— Supplied material —

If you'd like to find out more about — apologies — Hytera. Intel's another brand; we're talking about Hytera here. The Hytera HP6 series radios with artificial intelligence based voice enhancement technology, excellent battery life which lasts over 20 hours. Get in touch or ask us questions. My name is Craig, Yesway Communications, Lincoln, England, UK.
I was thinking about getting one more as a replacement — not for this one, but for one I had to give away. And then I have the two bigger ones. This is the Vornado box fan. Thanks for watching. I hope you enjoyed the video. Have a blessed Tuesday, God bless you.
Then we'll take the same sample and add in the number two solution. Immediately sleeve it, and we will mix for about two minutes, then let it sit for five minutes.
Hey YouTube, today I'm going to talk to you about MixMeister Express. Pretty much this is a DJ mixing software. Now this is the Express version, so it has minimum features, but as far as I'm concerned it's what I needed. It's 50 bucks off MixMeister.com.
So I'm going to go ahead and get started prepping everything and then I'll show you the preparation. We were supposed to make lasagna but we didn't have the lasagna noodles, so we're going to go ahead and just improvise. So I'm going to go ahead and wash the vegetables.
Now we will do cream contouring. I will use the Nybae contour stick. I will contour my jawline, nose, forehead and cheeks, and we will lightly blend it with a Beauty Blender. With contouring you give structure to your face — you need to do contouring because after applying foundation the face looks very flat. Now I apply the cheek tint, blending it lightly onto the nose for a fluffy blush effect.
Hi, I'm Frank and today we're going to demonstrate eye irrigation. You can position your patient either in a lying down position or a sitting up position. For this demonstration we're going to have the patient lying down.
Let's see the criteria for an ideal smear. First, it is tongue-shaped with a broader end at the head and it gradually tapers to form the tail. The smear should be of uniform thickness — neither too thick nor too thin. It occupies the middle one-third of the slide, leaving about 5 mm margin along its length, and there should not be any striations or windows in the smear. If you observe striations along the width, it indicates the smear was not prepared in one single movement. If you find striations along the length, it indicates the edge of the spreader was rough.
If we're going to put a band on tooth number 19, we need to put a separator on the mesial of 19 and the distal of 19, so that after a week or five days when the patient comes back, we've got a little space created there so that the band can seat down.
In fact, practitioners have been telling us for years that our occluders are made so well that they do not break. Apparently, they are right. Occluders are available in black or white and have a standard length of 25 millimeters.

---

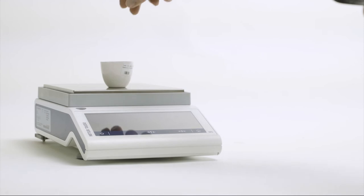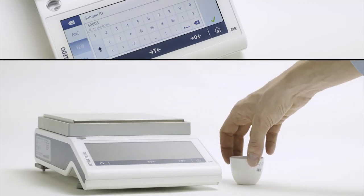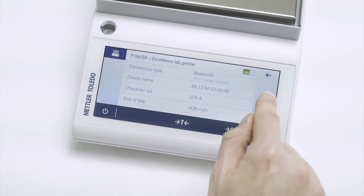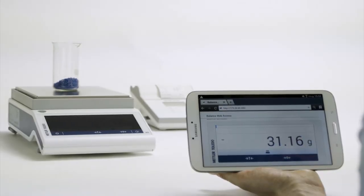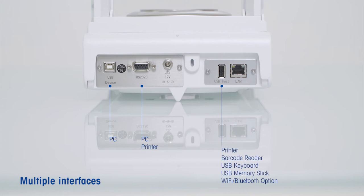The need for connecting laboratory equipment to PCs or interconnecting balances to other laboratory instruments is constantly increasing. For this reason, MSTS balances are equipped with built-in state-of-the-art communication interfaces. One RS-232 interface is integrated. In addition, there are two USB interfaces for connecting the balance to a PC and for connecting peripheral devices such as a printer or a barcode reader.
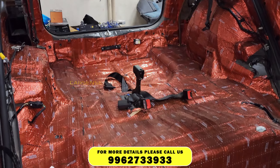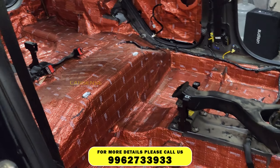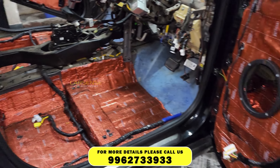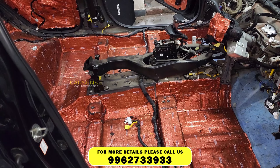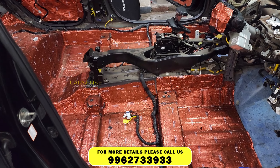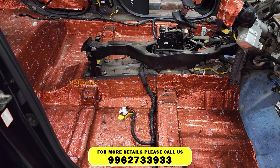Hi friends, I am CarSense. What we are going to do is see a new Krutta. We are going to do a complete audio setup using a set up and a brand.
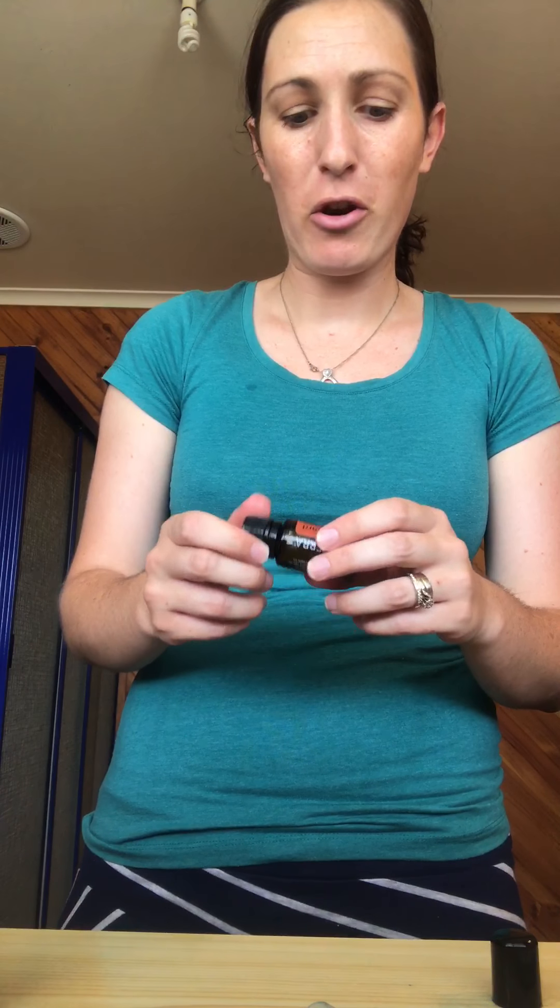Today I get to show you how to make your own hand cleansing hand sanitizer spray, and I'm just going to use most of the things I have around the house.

— Work request —
Go through the listing above and copy each line that contains "patient".

— Reply —
Hi, I'm Frank and today we're going to demonstrate eye irrigation. You can position your patient either in a lying down position or a sitting up position. For this demonstration we're going to have the patient lying down.
If we're going to put a band on tooth number 19, we need to put a separator on the mesial of 19 and the distal of 19, so that after a week or five days when the patient comes back, we've got a little space created there so that the band can seat down.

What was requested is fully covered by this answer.